■ EXERCISE PROMPT ■
A faithful copy is needed of the lines below from the one with "Storage racks with" up to and including the one with "Labrador retriever"; set it down with no pictures and no other lines.

■ EXERCISE INPUT ■
==============================

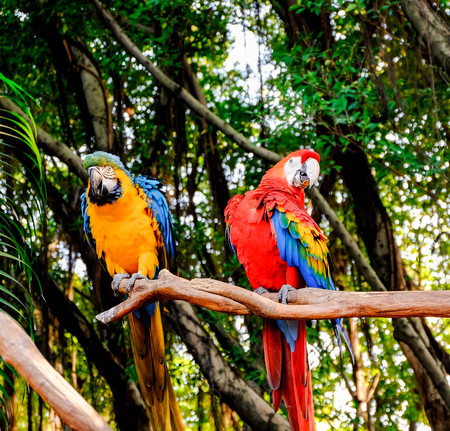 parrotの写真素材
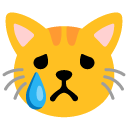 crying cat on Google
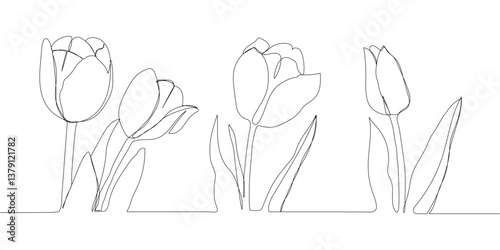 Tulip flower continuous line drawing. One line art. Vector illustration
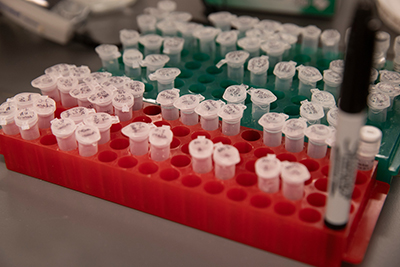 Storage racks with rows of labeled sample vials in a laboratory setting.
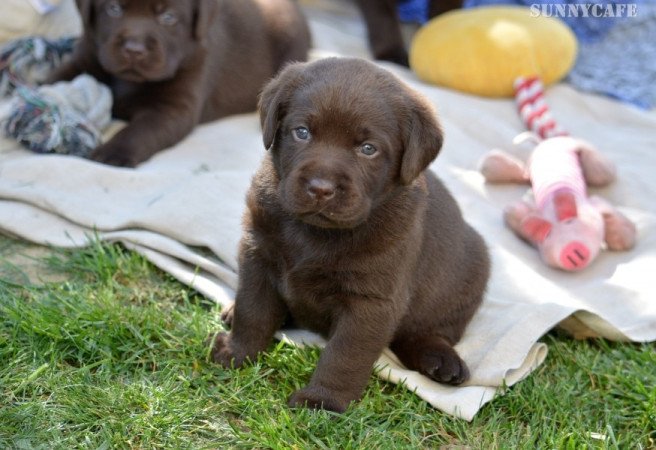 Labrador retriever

==============================

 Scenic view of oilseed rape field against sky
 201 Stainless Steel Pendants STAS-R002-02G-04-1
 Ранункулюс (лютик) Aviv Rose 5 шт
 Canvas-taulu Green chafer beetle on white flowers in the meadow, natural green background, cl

==============================

■ ANSWER FOR THE TASK ■
 Storage racks with rows of labeled sample vials in a laboratory setting.
 Labrador retriever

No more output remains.